_Requirement_:
Of the lines listed below, return exactly those that run from the line containing "Zamość jak z" through the line containing "KiteWorldWide Mansion Kitesurfing", both included.

==*==

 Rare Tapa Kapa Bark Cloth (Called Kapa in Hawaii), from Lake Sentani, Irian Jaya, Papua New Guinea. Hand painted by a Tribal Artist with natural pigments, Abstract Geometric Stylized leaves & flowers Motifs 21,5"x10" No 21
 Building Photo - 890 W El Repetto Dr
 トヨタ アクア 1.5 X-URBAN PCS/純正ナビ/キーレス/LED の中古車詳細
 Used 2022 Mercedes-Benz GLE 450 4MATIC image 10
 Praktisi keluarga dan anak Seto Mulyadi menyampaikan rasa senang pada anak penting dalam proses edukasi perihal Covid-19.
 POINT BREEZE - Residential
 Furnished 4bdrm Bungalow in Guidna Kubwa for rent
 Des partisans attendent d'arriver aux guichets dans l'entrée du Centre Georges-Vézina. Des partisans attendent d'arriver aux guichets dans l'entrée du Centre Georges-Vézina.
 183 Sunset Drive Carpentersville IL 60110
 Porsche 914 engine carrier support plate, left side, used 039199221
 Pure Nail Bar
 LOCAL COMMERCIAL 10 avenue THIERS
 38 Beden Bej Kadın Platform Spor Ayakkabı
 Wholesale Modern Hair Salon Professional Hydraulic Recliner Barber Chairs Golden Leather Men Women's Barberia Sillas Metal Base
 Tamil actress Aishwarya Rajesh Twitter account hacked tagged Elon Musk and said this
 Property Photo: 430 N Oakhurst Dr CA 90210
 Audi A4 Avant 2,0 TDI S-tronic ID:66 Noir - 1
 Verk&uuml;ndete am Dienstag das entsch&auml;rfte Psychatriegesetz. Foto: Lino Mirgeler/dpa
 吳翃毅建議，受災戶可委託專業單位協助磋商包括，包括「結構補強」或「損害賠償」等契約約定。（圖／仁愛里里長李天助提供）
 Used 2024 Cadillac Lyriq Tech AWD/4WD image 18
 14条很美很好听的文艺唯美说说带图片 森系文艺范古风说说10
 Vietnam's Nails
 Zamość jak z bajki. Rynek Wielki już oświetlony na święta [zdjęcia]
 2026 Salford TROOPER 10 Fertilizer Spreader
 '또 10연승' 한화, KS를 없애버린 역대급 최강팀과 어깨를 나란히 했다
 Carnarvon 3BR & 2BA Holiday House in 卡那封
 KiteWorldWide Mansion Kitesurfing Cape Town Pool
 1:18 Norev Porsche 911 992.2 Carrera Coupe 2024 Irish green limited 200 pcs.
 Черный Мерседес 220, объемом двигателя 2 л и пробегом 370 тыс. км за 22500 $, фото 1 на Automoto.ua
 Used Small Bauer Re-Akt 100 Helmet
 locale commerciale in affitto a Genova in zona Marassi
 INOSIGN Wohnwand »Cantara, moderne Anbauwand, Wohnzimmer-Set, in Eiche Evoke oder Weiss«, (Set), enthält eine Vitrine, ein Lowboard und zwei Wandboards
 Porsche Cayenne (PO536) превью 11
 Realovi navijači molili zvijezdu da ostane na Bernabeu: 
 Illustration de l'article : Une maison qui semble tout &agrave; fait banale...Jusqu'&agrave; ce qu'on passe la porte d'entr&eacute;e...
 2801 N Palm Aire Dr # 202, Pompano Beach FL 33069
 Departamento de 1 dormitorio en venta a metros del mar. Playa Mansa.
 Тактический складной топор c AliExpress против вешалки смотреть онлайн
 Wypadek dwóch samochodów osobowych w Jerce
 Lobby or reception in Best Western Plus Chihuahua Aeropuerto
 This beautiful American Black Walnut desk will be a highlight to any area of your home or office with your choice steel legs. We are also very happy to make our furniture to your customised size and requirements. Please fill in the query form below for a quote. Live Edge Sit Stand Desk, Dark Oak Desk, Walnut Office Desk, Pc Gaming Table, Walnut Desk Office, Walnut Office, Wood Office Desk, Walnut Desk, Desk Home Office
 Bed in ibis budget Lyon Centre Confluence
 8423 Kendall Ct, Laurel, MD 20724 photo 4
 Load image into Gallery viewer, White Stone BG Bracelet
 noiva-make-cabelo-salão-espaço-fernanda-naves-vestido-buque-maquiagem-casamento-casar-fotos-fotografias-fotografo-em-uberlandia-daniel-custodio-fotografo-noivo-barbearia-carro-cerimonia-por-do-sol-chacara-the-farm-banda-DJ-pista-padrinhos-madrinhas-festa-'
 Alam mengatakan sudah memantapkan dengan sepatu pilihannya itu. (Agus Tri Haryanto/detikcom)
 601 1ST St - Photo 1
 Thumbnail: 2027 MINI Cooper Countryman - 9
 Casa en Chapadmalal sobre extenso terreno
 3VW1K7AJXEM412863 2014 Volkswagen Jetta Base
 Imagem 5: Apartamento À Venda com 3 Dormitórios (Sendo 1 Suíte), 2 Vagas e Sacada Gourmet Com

==*==

_Expected output_:
 Zamość jak z bajki. Rynek Wielki już oświetlony na święta [zdjęcia]
 2026 Salford TROOPER 10 Fertilizer Spreader
 '또 10연승' 한화, KS를 없애버린 역대급 최강팀과 어깨를 나란히 했다
 Carnarvon 3BR & 2BA Holiday House in 卡那封
 KiteWorldWide Mansion Kitesurfing Cape Town Pool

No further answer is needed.